Here are some Rock Lords. I had the minty-green one and the grey one on the right. As you can see, they were Transformers who turned into really unconvincing stones. Rocks, sorry, rocks. There was a little gold nugget one as well, who was the coolest. Not pictured though, which is a bit of a snub.

Anyway, I've not found any of these. Sorry for building up what must have been quite an uncontrollable level of excitement or something. Instead, I found two of these badboys:

See what they did? I'll explain. What it is, is that a boulder is a large rock, you see, so when they say 'Robots that are Bolder', you have to look beyond the seemingly incomplete... oh you got it the first time and it wasn't that good? You should have just said.

So what I'm thinking here is that there are a whole tonne of semi-ironic geek chic kids out there who should go wild for this stuff. You can picture them, no? Yeah you can, I'm not going to generalize. What I've started to worry about recently though, is that kids these days don't have the heritage that those of my generation do. Try turning up at a fancy dress party full of people in their mid-20s dressed as Zangief. Blank. Looks. Still though, the whole of Ebay is a much larger sample size than a room full of culturally bereft halloweenies. The bags themselves are all bagged up in their own bags (infinite regress? I've not looked inside but yes, it's possible that the Rock Lords bag contains its own smaller bag...et cetera).

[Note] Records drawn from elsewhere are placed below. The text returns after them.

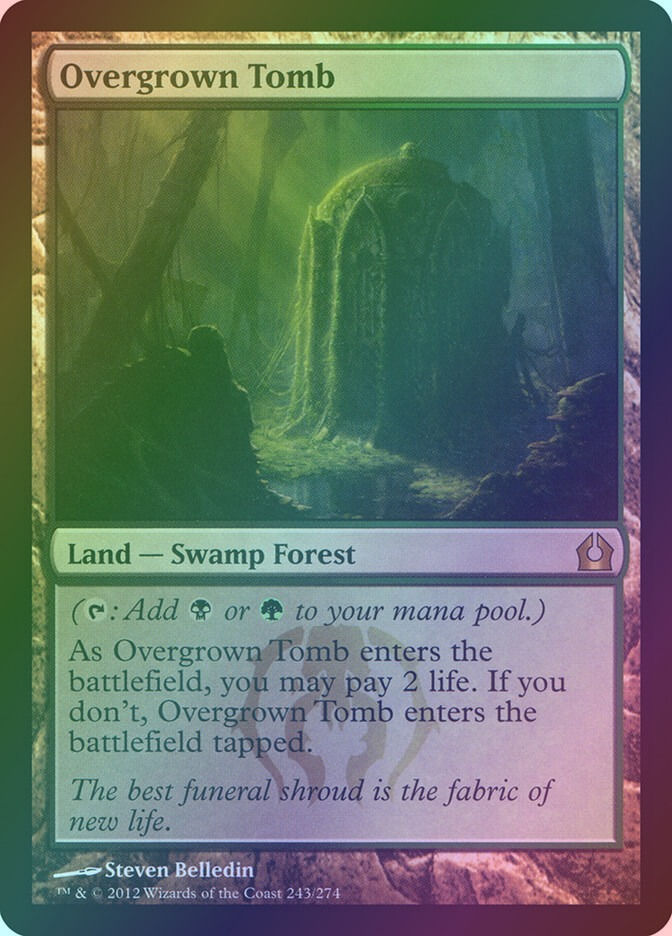 Overgrown Tomb (RTR) (243) / Foil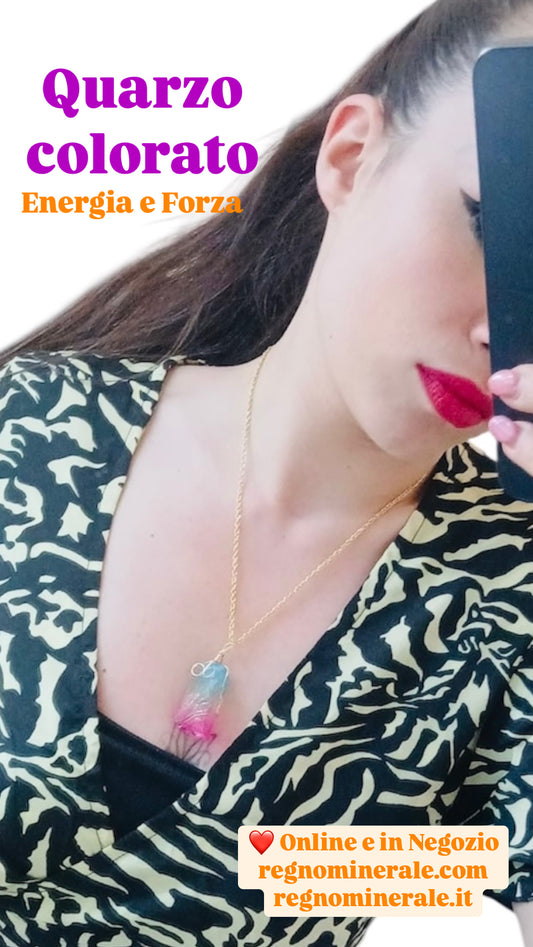 Collana Quarzo Colorato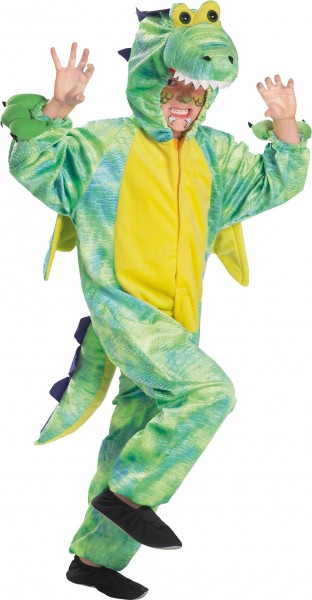 Plüschiger Drache Kinder-Ganzkörperkostüm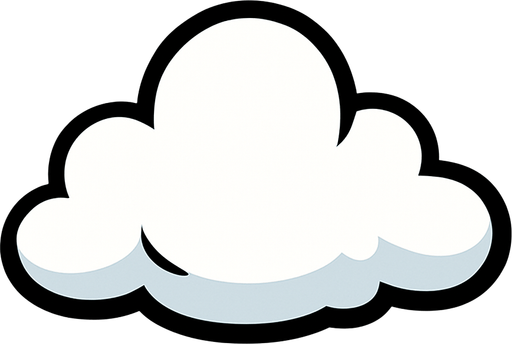 white sky.
In-Game asset.  2d.  High contrast.  No shadows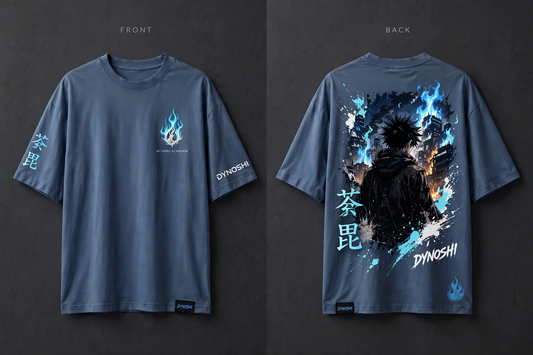 Dabi - Premium Oversized Anime T-Shirt - DYNOSHI
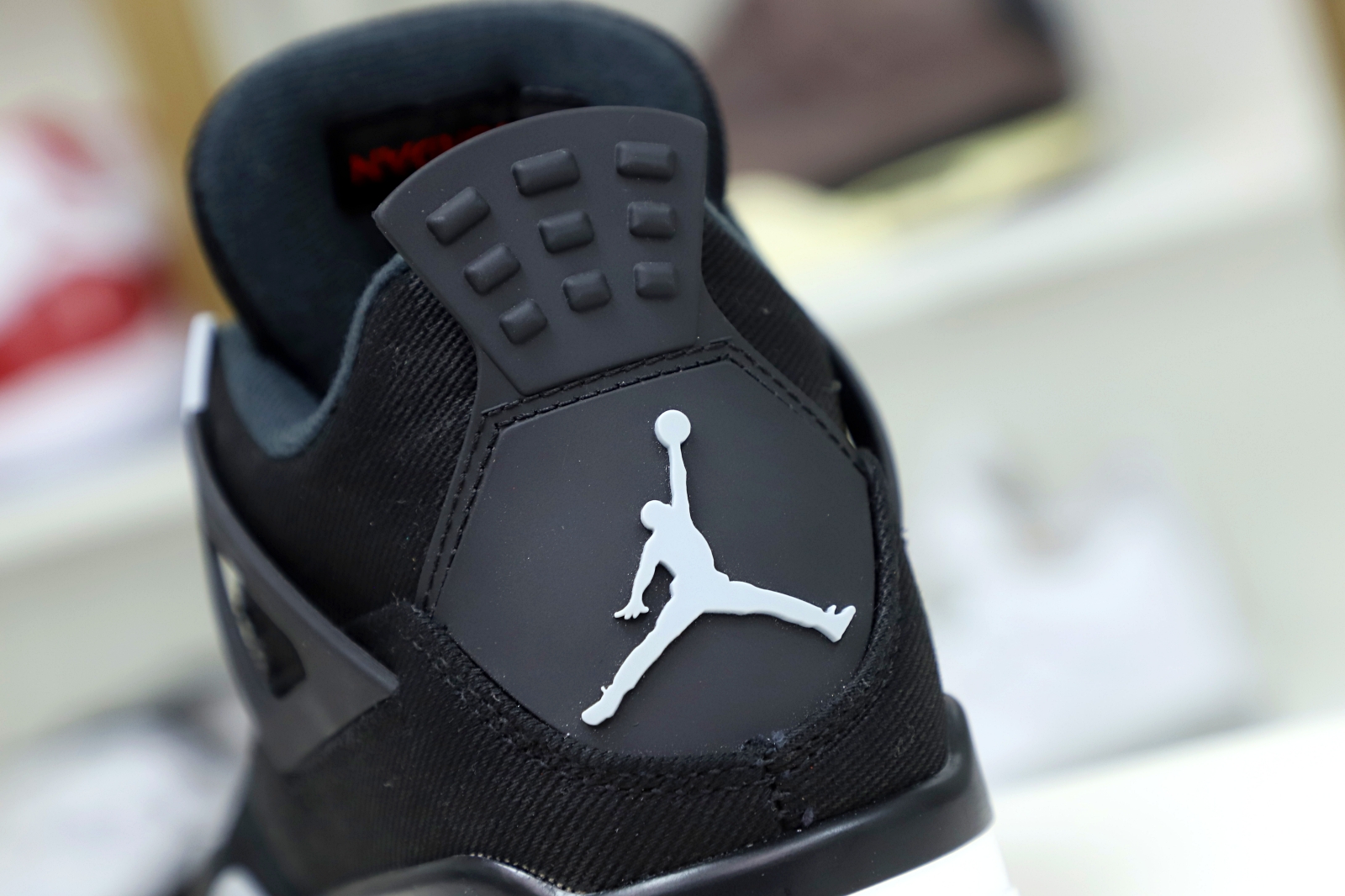 AIR JORDAN 4 "BLACK CANVAS"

Bought these for £5 a pop, so not risk-free, but...shit...do kids even wear satchels any more? Is that a satchel? It's like an awful backpack.

Inlaid Soapstone Box

This is bread and butter. Saw it in a charity shop for £2.99, sold it for £3.99. Can't argue. Makes me feel like a professional. I think that describing it as 'lovely' on the Ebay description may have added that all important quid. Folks will presumably have been looking at it, studying the pictures, and thought 'well...I'd stretch to around the four quid mark, but only if it's lovely. I can't really tell from the pictures but...oh wait, it does confirm here at the top that it is definitely lovely. I'm in.'

To further convince dubious punters as to its loveliness, I gave it a polish with vegetable oil and photographed it on a tea towel. I'm a grubby sod at times.

Moonraker Trading Card Set

Say you were really into Bond, and collected Bond memorabilia, and Moonraker was your favourite film (you're one of those Moore-lovers, of a certain age), would you buy this? Would you spend more than £10 on it? God, I hope so. Ebay's not so sure. It's one of those things that you find, snap up, and then take home and show to Ebay, and Ebay's like 'yeah nice, should make a quid or two on that. Hope you didn't spend more than a fiver on it, mind'. Go on, I'll throw in the natty plastic box as well (I probably won't).

It's a full set, with all of the stickers, following Bond through one of his more outlandish shag-quests. All of the cards are in what speccy gnome-nuts cardophiles such as myself would describe as MT-NMT, which means 'mint or near-mint', which means they're in cracking nick. That's not bad, considering that they're about 35 years old.

There he is, look. Bond! He's going to shoot you if you're not careful. Plus, he's kept his left hand free. That's his catching hand, and he's going to catch your pants if they unexpectedly fly off. Bang bang. He's thinking of a quip, by the looks of it, so let's leave him to it.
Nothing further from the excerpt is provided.